BGF, I've read that it is a big issue still in the NHS, and that transgender people are often not getting treatment in terms of privacy, care etc, that anybody would find appropriate, regardless of what they think about transgender as an issue.

lesley33 · 12/03/2012 01:03

clothes - That doesn't surprise me as I think it is a hard one to tackle. Easy if post perative - then they go on the ward appropriate to their body. But if for example they have had a boob job but still have a penis, it is more problematic.

Birdsgottafly · 12/03/2012 01:05

I mean that having breasts but still a penis, isn't an issue, because there are private rooms available, we do not have to undo every aspect of our society, this isn't a threat in any way.

In terms of service provision it can be easily sorted to everyone's satisfaction.

Birdsgottafly · 12/03/2012 01:08

There has recently been a lot of statutory training, in my region, anyway, on transgender and there was an invitation for the transgendered community to get involved with patient planning groups, so there is progress being made.

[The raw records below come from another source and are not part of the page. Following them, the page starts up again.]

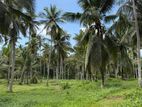 27 Acres Coconut Estate For Sale In Pannala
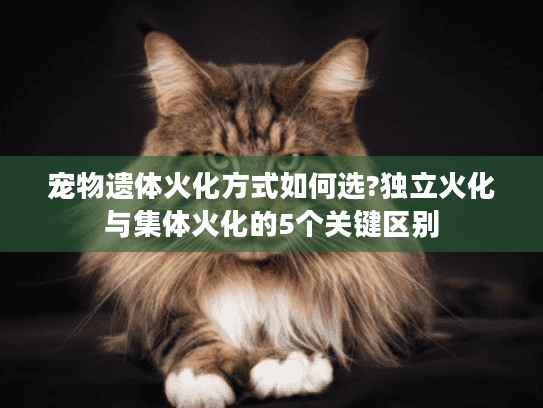 宠物遗体火化方式如何选?独立火化与集体火化的5个关键区别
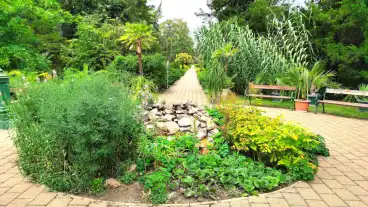 Debreceni Egyetem Botanikus Kertje 1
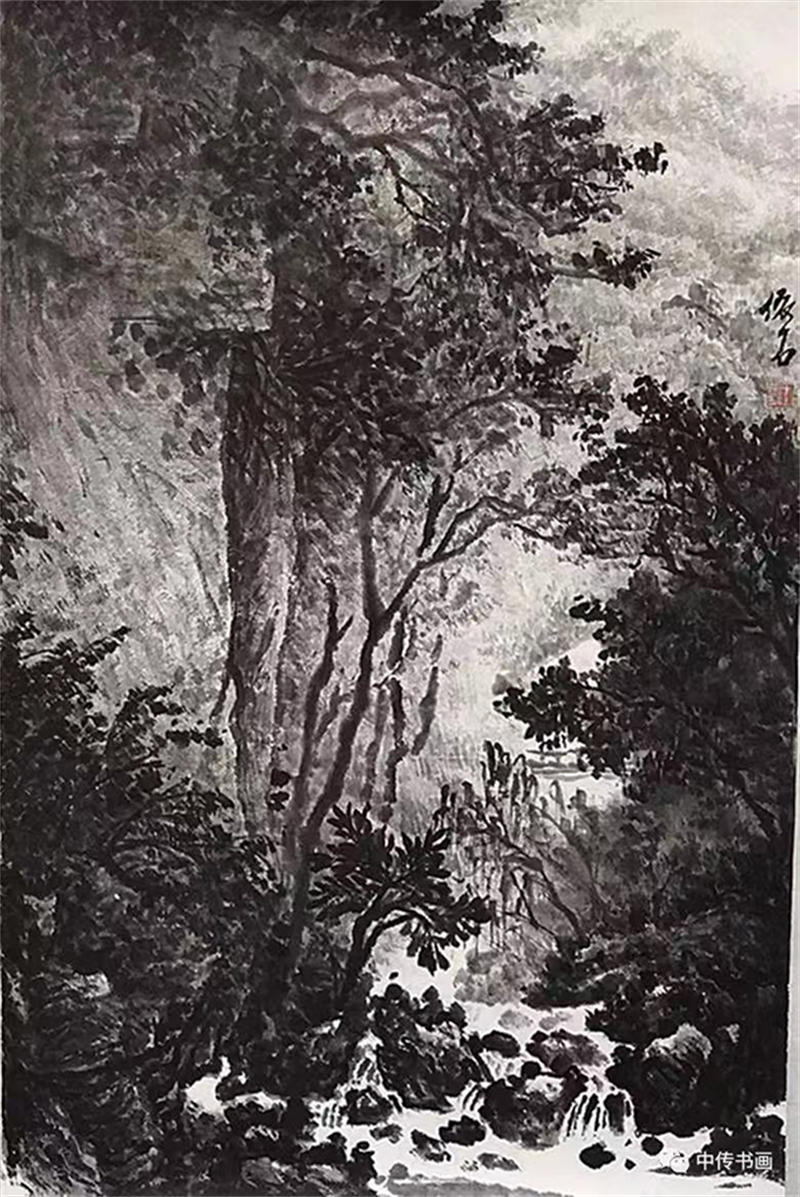 62ad98909968f.jpg 5.jpg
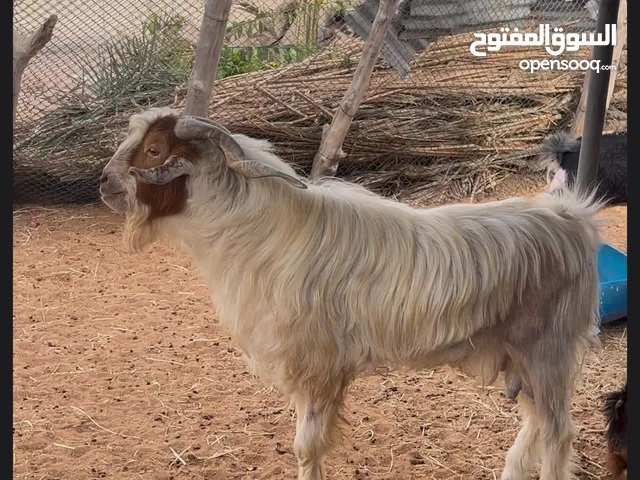 تيس محلي حجم طيب تبارك الرحمن وعنز حو غبراء طيبه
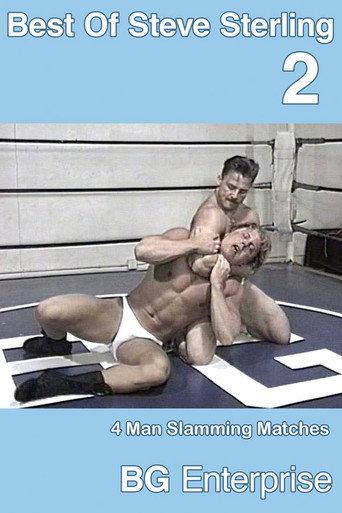 The Best Of Steve Sterling 2 (2006) poster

I think that these discussions are needed, this should be better understood by the public.

More soaps are having transgendered characters in them, which promotes discussion.

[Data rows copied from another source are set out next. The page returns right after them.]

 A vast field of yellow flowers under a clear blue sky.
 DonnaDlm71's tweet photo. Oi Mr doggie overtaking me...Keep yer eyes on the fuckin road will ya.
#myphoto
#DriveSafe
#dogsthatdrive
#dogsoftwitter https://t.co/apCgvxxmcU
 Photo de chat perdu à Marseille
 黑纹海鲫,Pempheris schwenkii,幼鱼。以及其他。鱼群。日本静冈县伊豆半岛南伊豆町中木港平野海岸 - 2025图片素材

lesley33 · 12/03/2012 01:08

I don't know what you mean by private rooms? In the NHS most peopel are in 6 bed bays. Usually only the illest or dying get private rooms.

garlicbutter · 12/03/2012 01:08

Clothes - Off the top of my head, I agree it would be more convenient for more people if there were more private facilities. What with maximising budgets and all, it's obvious that you can please most of the people most of the time, at the lowest cost, by having two communal facilities. But that continues to force self-assignment on the bunch in the middle.

I was shocked when I heard a woman with a working penis could be in a women's prison, in a women's hospital ward or (less scary) changing room. I don't know whether it happens in practice. Neither do I know how that would translate to the armed services, for example.

A sharper focus on individuals rather than 'blocks' would seem advantageous in every way but cost.

ClothesOfSand · 12/03/2012 01:11

So if, for example (and it is an example based hypothetical situations discussed in a legal case), a female child has to be examined, for police reasons, and the law is that the examination should be carried out and/or supervised by female officers, and the officer in question is MTF transgender, how do you resolve that to everyone's satisfaction? What happens if either the child, or the child's parents, want the examination to be supervised by a person who the child perceives as female, if they don't perceive the transgender person that way?

lesley33 · 12/03/2012 01:12

I think few people would say that private rooms is the priority for any extra NHS spend at the moment tbh. It is also more expensive to adequately nurse with private rooms than in wards.

Birdsgottafly · 12/03/2012 01:13

Garlic-are you taking about a born male or female being in a womans prison?

ClothesOfSand · 12/03/2012 01:14

Sorry, I keep x posting.

GB, at my son's secondary school, some of the toilets blocks are now not single sex. The cubicles are in two separate lines, but the sinks and general area are mixed. So maybe we are moving more towards having less single sex facilities anyway. Although, obviously it can't work in all situations.